Rhetorical Situation
Rhetorical Choices
Claim, Evidence, and Argument
Sources of Information
Considering the Other Side
100

This collectively refers to the exigence, purpose, audience, context, and message of a text.

What is rhetorical situation?

100

 Writers' perceptions of theses guide the choices they make.

What is an audience's values, beliefs, needs, and backgrounds? 

100

Writers convey their positions through one or more of these. They should provoke interest and require a defense. 

What are claims? 

100

These provide information for an argument, and some are more reliable or credible than others. 

What are sources?

100

Not all arguments explicitly address it, but yours should. 

What is a counterargument? 

200

What a writer hopes to accomplish with their writing. There may be more than one. 

What is the purpose of a text? 

200

Writers make these in an attempt to relate to an intended audience’s emotions and values.

What are rhetorical choices? 

200

Writers defend their claims with these crucial items.

What are evidence and reasoning? 

200

The ways writers must acknowledge the intellectual property (words, ideas, images, texts, etc.) of others.

What is giving credit through attribution, citation, or reference?

200

In order to enhance their credibility.

Why do argument writers address opposing arguments and contradictory evidence?

300

This includes the time, place, and occasion 

What is context?

300

Writers use these in an attempt to relate to an audience. They must be shared and understood by the audience to advance the writer’s purpose.

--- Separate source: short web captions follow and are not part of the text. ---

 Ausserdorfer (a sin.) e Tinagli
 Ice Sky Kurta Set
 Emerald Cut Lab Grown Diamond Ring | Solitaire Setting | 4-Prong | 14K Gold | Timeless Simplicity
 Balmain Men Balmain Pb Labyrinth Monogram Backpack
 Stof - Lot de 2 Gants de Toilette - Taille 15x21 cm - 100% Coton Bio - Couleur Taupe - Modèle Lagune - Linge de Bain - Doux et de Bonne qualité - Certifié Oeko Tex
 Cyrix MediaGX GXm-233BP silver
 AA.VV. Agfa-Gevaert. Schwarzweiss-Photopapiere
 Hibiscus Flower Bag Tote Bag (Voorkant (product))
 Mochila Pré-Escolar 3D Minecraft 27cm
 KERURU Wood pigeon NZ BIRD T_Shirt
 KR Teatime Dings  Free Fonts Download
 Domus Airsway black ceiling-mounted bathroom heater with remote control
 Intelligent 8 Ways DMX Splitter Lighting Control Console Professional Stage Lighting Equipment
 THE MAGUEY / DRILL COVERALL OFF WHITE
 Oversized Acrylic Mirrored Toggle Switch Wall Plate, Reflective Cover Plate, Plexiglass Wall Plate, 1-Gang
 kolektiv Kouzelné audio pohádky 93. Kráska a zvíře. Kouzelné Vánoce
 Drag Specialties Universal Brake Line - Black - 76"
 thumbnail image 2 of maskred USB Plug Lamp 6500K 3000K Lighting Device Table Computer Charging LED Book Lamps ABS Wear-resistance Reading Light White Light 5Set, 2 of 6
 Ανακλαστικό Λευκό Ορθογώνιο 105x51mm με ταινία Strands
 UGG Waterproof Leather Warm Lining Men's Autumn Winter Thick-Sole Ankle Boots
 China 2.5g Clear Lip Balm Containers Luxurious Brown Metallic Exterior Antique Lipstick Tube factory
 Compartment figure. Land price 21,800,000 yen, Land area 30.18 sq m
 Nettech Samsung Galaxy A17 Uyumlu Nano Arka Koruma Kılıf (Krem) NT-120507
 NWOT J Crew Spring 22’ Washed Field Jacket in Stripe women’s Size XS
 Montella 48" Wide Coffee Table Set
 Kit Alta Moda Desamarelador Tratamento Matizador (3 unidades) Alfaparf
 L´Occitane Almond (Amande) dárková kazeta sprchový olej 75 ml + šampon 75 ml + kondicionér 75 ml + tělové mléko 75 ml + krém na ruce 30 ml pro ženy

What are comparisons (e.g. similes, metaphors, analogies, or anecdotes)?

300

Facts, anecdotes, analogies, statistics, examples, details, illustrations, expert opinions, personal observations, personal experiences, testimonies, or experiments.

What are types of evidence? 

300

The main, overarching claim a writer is seeking to defend or prove by using reasoning supported by evidence.

What is a thesis? 

300

Writers accept all or a portion of a competing position or claim as correct, agree that the competing position or claim is correct under a different set of circumstances, or acknowledge the limitations of their own argument.

How do writers concede a point?

400

The intended recipients of a text. They may have shared as well as individual values, beliefs, needs, and backgrounds.

What is the audience of a text? 

400

Writers’ choices regarding these influence how the writer is perceived by an audience and may influence the degree to which an audience accepts an argument. 

What are syntax and diction? 

400

Strategically selected evidence that relates to an audience’s emotions and values, and increases a writer’s credibility

What strengthens the validity and reasoning of an argument? 

400

When a source shows a limited perspective and fails to consider other evidence.

What is bias? 

400

Writers offer a contrasting perspective on an argument and its evidence or provide alternative evidence to propose that all or a portion of a competing position or claim is invalid. 

How do writers rebut a counterclaim?

500

The part of the rhetorical situation that inspires, stimulates, provokes, or prompts writers to create a text. 

What is exigence?

500

Because audiences are unique and dynamic, writers must consider these when making choices of evidence, organization, and language in an argument. 

What are the perspectives, contexts, and needs of the intended audience? 

500

Writers use this to introduce and explain the source material and evidence that supports their argument and claim. 

What is commentary? 

500

This requires consideration, explanation, and integration of others’ arguments into one’s own argument.

What is synthesis?

500

Writers demonstrate, using evidence, that all or a portion of a competing position or claim is invalid.

How do writers refute a counterclaim?